* Problem requirements
Beginning with the line that contains "孩子这3个部位不能打，影响性格和健康", restate each line below through the final one exactly, and exclude the pictures.

Supplied data Start Marker

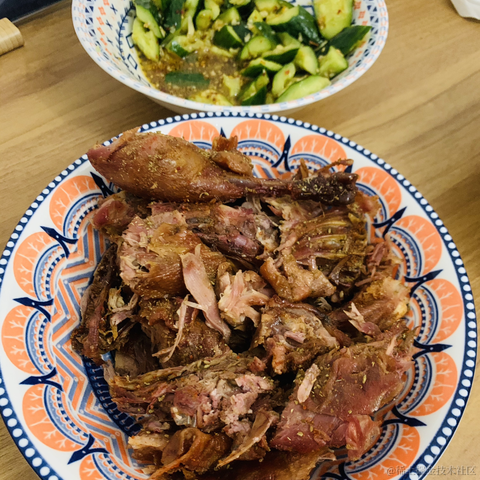 起个名吧于2022-11-12 19:55发布的图片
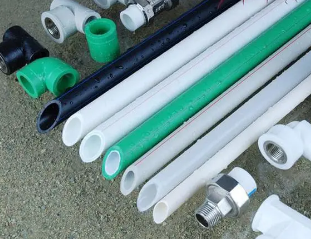 梨树水管维修多少钱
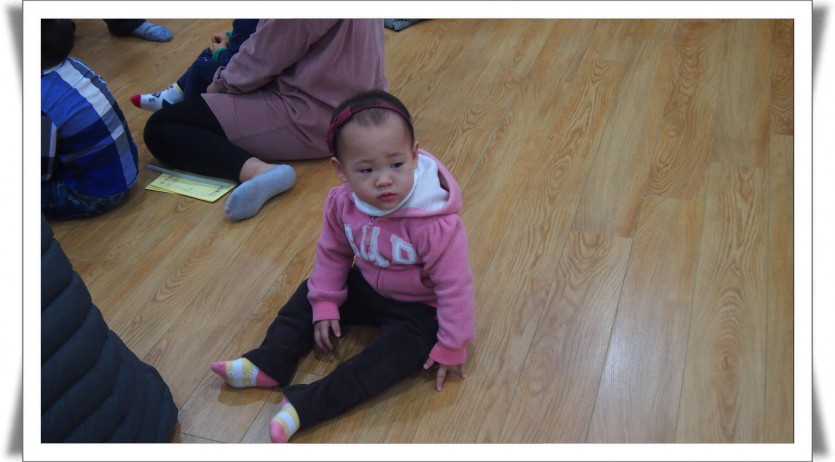 꾸미기_P1012987.JPG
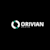 ORIVIAN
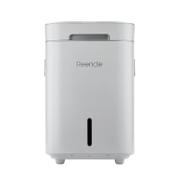 Reencle Home Composter Prime White
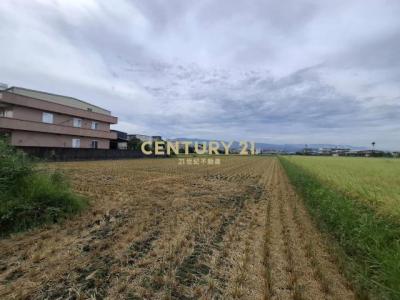 振興二段, Yilan City, Yilan City 260, Taiwan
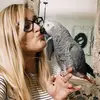 caristonasnyder - @caristona_snyder - TikTok
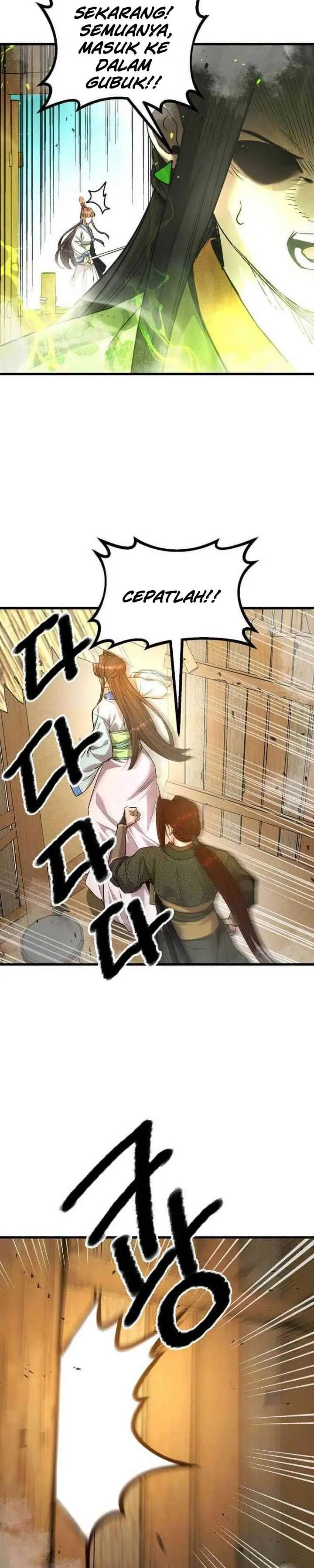 image-komik-strongest-fighter-chapter-115-10/39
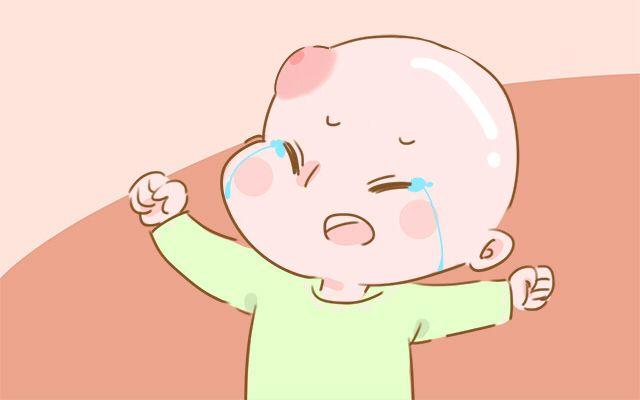 孩子这3个部位不能打，影响性格和健康
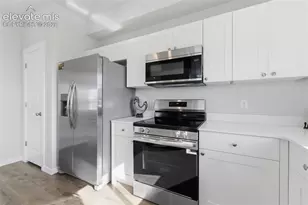 6654 Rawhide Rdg Vw, Colorado Springs, CO 80915 - Photo 13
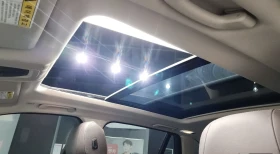 BMW X5 X5 M G05 �����/ 360 ������/ ���������/ | Mobile.bg � ����� ������ 16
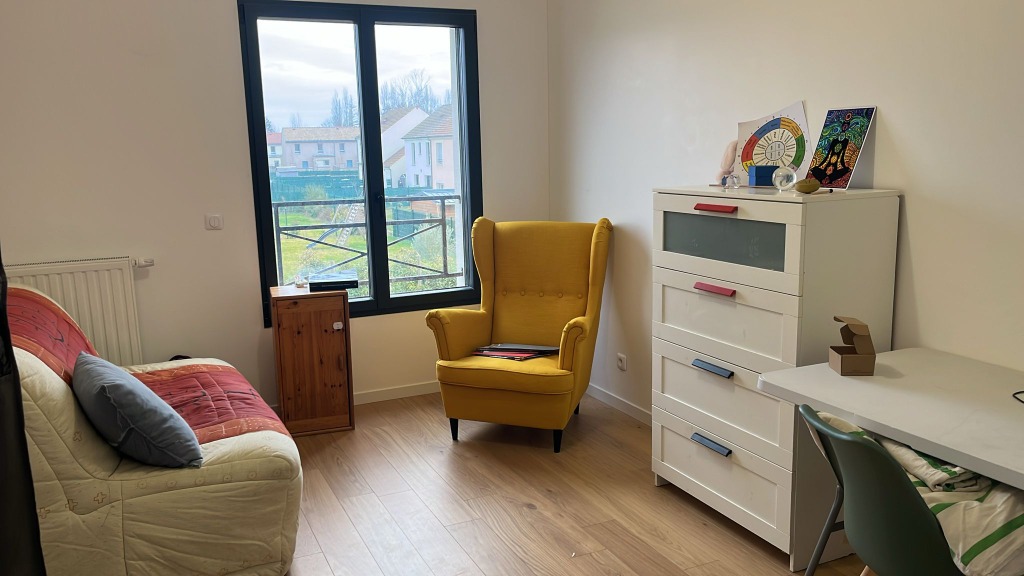 photo cabinet Celine SLINGUE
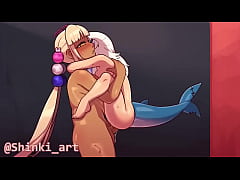  - Holoburg full video with sound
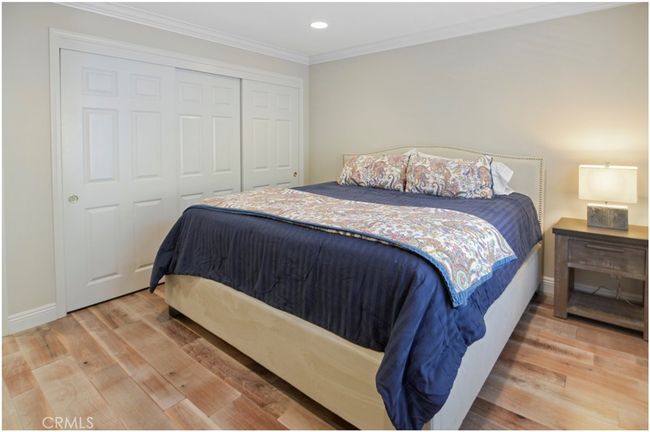 31891 Paseo Alto Plano, House other with 4 bedrooms, 3 bathrooms and 10 parking in San Juan Capistrano CA | Image 38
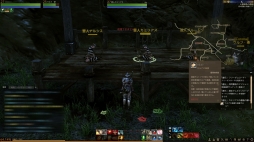 ꡼ No.041 | MMORPGArcheAgeפϡ˽ǤߤȻפ碌벾ץ쥤䡼ï⤬Ԥˤʤäեߥ꡼ƥȤ˻äƤߤ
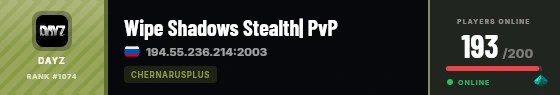 Strata badge preview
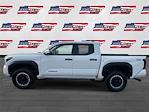 2024 Toyota Tacoma Double Cab 4WD Pickup for sale #LF08122P - photo 7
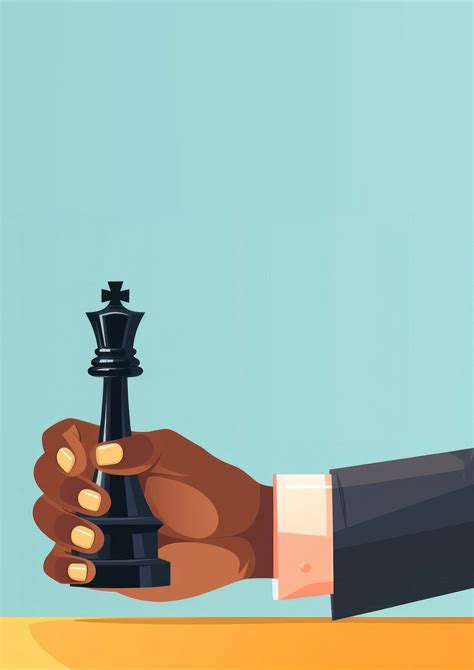 King Chess Piece Images | Free Photos, PNG Stickers, Wallpapers & Backgrounds - rawpixel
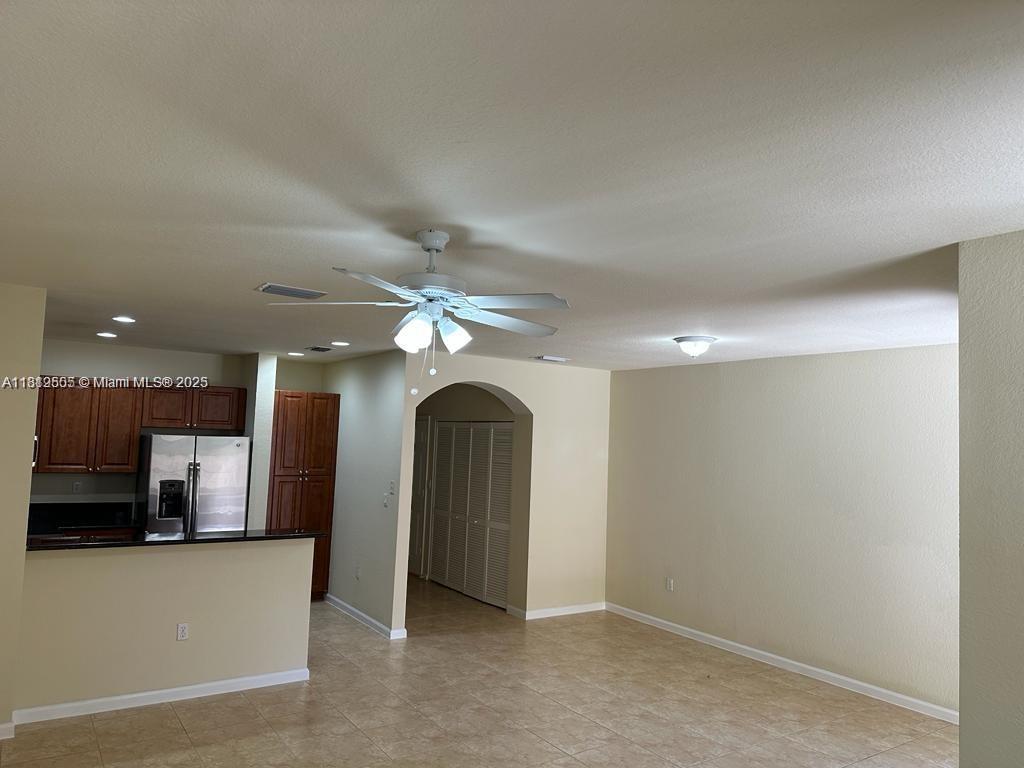 F AND H PLAT - Residential Lease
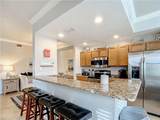9715 Acqua Ct - Photo 23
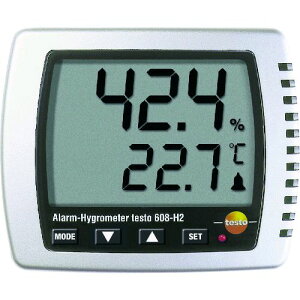 y[݌ɕizuv2871000 ㎮xv LEDA[t 4029547000331 eXg[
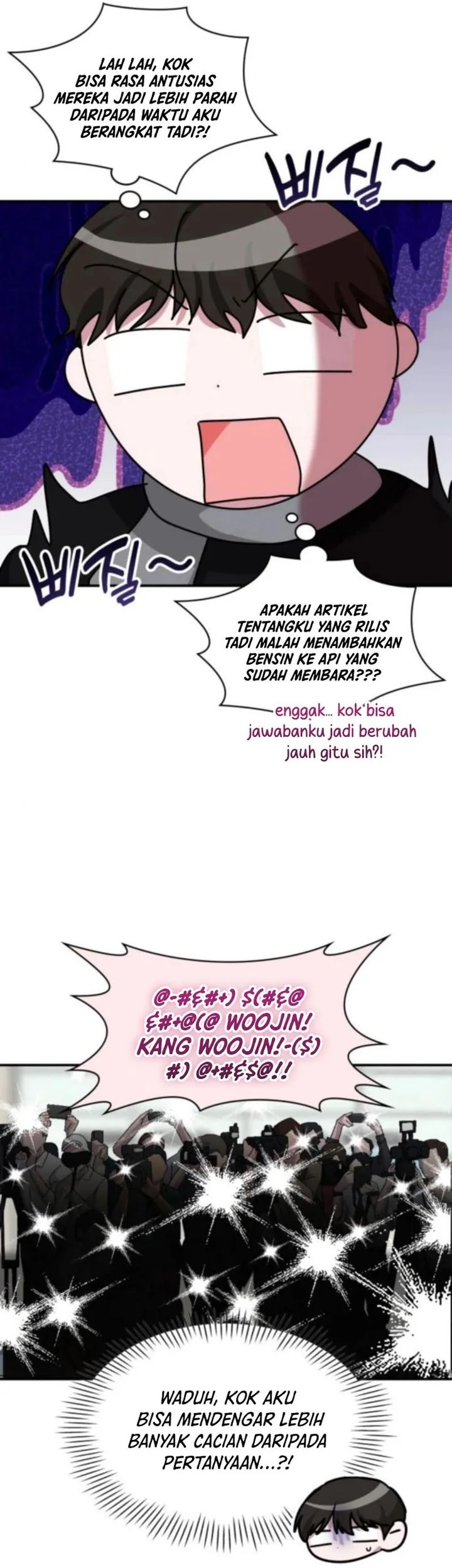 Halaman 98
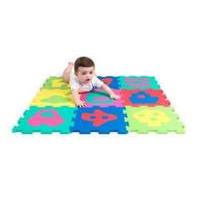 Babytolove - Playing Tiles - Puz...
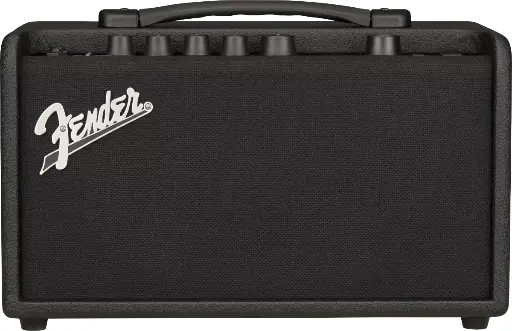 [FENDER MUSTANG® LT40S, 230V EU] Fender Mustang LT40S 230V 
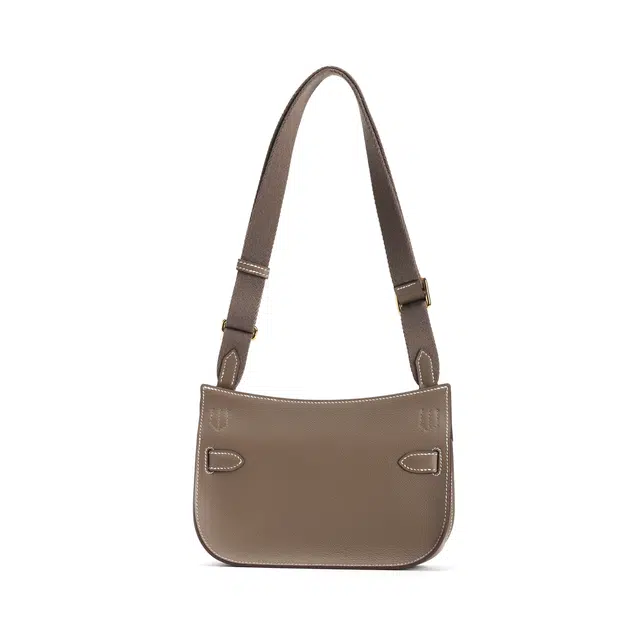 HERMES Jypsiere Evercolor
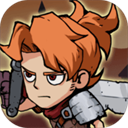 地下城与领主官方正版-地下城与领主下载 v1.0.6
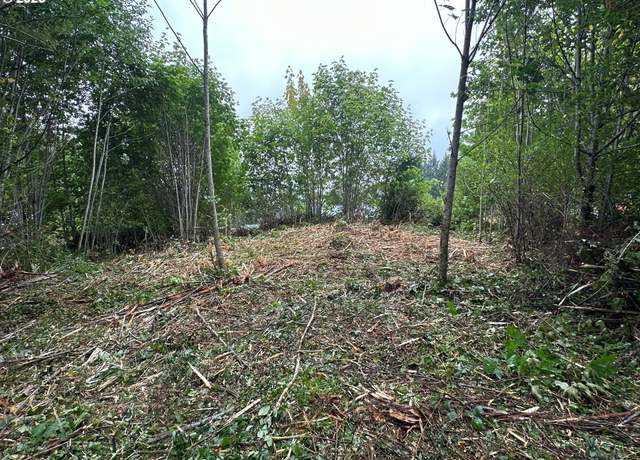 Property at 0 Bear Rd, Seaside, OR 97138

Supplied data End Marker

* Written response
 孩子这3个部位不能打，影响性格和健康
 6654 Rawhide Rdg Vw, Colorado Springs, CO 80915 - Photo 13
 BMW X5 X5 M G05 �����/ 360 ������/ ���������/ | Mobile.bg � ����� ������ 16
 photo cabinet Celine SLINGUE
  - Holoburg full video with sound
 31891 Paseo Alto Plano, House other with 4 bedrooms, 3 bathrooms and 10 parking in San Juan Capistrano CA | Image 38
 ꡼ No.041 | MMORPGArcheAgeפϡ˽ǤߤȻפ碌벾ץ쥤䡼ï⤬Ԥˤʤäեߥ꡼ƥȤ˻äƤߤ
 Strata badge preview
 2024 Toyota Tacoma Double Cab 4WD Pickup for sale #LF08122P - photo 7
 King Chess Piece Images | Free Photos, PNG Stickers, Wallpapers & Backgrounds - rawpixel
 F AND H PLAT - Residential Lease
9715 Acqua Ct - Photo 23
 y[݌ɕizuv2871000 ㎮xv LEDA[t 4029547000331 eXg[
 Halaman 98
 Babytolove - Playing Tiles - Puz...
 [FENDER MUSTANG® LT40S, 230V EU] Fender Mustang LT40S 230V 
 HERMES Jypsiere Evercolor
 地下城与领主官方正版-地下城与领主下载 v1.0.6
 Property at 0 Bear Rd, Seaside, OR 97138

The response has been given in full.